BEGIN Data shown
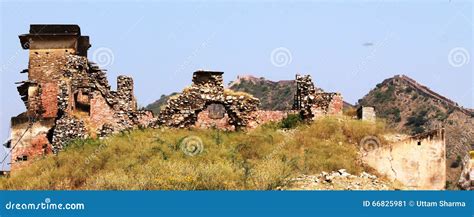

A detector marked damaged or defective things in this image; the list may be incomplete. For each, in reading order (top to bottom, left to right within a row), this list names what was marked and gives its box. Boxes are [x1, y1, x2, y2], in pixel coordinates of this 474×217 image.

broken parapet [8, 24, 154, 170]
broken parapet [157, 70, 260, 130]
broken parapet [290, 74, 342, 118]
broken parapet [362, 130, 446, 189]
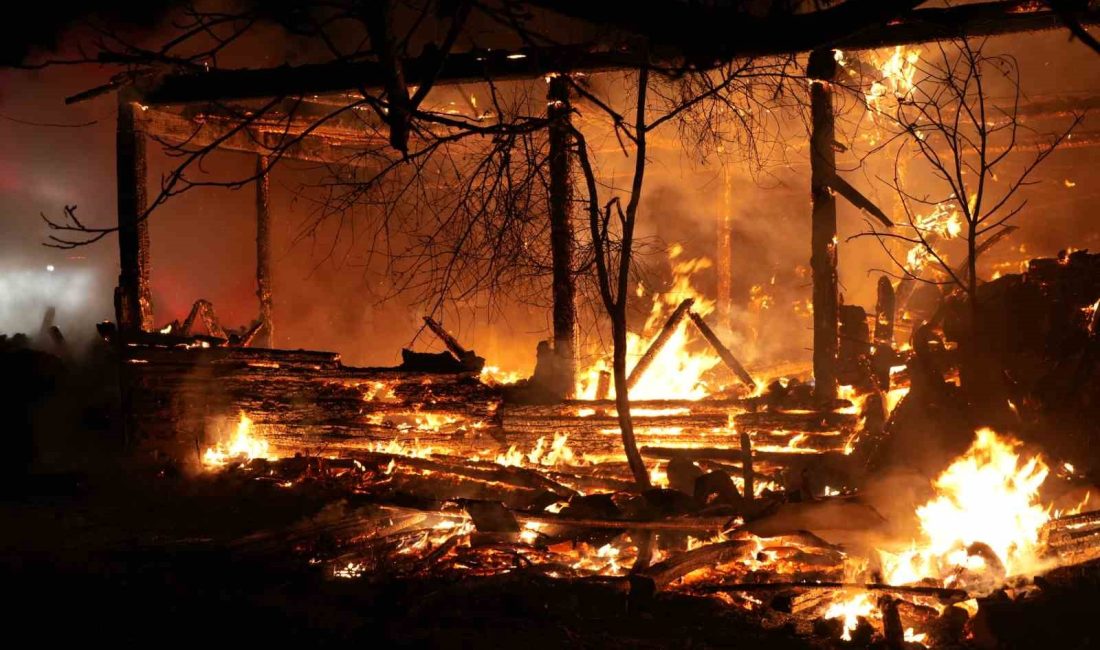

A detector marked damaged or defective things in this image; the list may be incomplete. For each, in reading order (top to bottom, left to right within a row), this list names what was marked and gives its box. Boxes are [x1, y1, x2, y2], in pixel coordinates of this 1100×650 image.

burnt support column [115, 93, 152, 332]
charred wooden beam [116, 92, 152, 329]
charred wooden beam [254, 155, 271, 347]
burnt support column [256, 155, 273, 347]
burnt support column [547, 72, 576, 395]
charred wooden beam [547, 73, 580, 393]
charred wooden beam [629, 299, 695, 391]
burnt support column [809, 50, 840, 404]
charred wooden beam [809, 49, 840, 406]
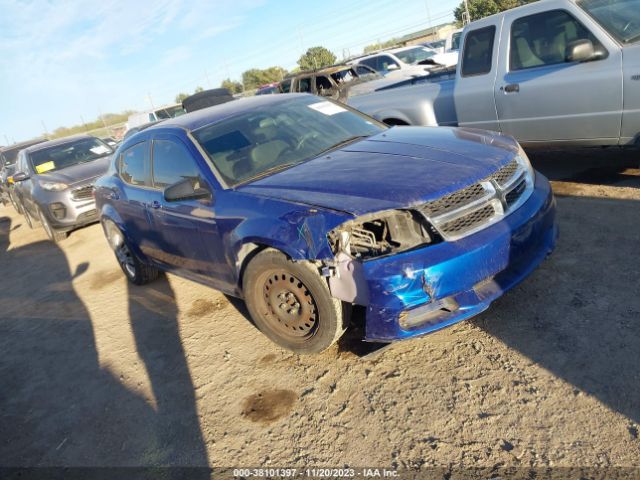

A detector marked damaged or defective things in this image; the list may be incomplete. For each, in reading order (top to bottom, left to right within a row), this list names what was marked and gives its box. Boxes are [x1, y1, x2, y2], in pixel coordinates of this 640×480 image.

crumpled hood [36, 156, 110, 186]
crumpled hood [239, 128, 520, 217]
exposed headlight assembly [328, 210, 438, 260]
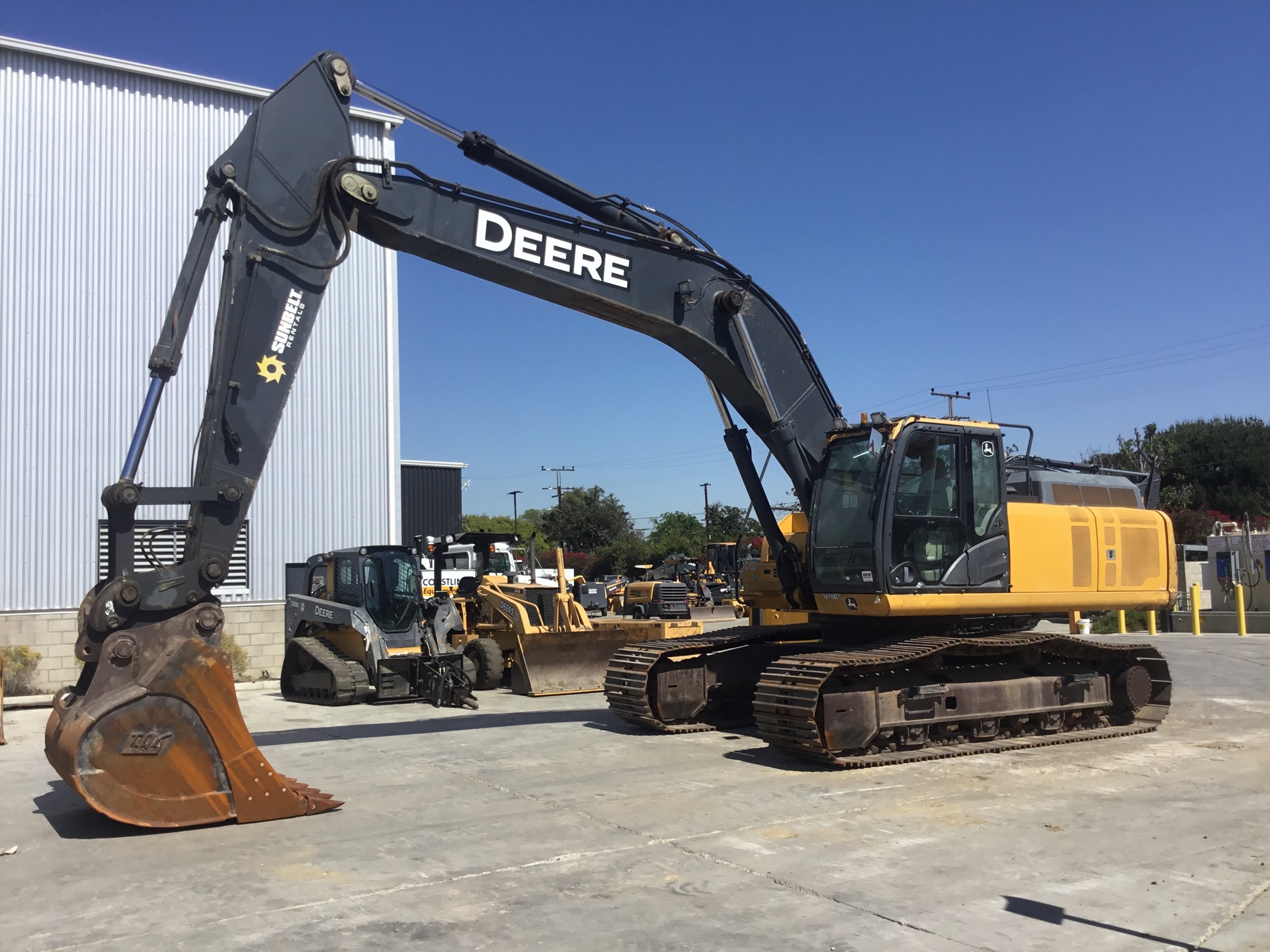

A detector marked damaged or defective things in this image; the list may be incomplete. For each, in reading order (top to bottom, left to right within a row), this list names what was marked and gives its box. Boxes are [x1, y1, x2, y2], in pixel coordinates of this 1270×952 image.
END Data shown
All the lines above must be written out exactly, without a single picture.

[Answer to this task]
A detector marked damaged or defective things in this image; the list may be incomplete. For each, in reading order (top to bottom, left to right within a row), this list names what was marked and gives its box. Boxes are [x1, y1, x2, y2], in pixel coordinates of this 474×217 image.

broken parapet [8, 24, 154, 170]
broken parapet [157, 70, 260, 130]
broken parapet [290, 74, 342, 118]
broken parapet [362, 130, 446, 189]

A detector marked damaged or defective things in this image; the list may be incomplete. For each, in reading order (top to bottom, left to right within a row), this list names what was marked and gives its box. Boxes are [x1, y1, x2, y2], in pixel coordinates of this 1100×650 image.

burnt support column [115, 93, 152, 332]
charred wooden beam [116, 92, 152, 329]
charred wooden beam [254, 155, 271, 347]
burnt support column [256, 155, 273, 347]
burnt support column [547, 72, 576, 395]
charred wooden beam [547, 73, 580, 393]
charred wooden beam [629, 299, 695, 391]
burnt support column [809, 50, 840, 404]
charred wooden beam [809, 49, 840, 406]

A detector marked damaged or defective things in this image; the list may be incomplete. For each, in reading order (top to bottom, left to right within a row), this list names what was marked and gives its box. Boxes are [x1, y1, x2, y2], in pixel coordinates of this 640×480 image.

crumpled hood [36, 156, 110, 186]
crumpled hood [239, 128, 520, 217]
exposed headlight assembly [328, 210, 438, 260]

A detector marked damaged or defective things in this image; the list may be incomplete. For each, in reading order (top to bottom, left to right within a row), this list names what was marked and gives its box. Boxes are [x1, y1, x2, y2], in pixel coordinates of this 1270×952 image.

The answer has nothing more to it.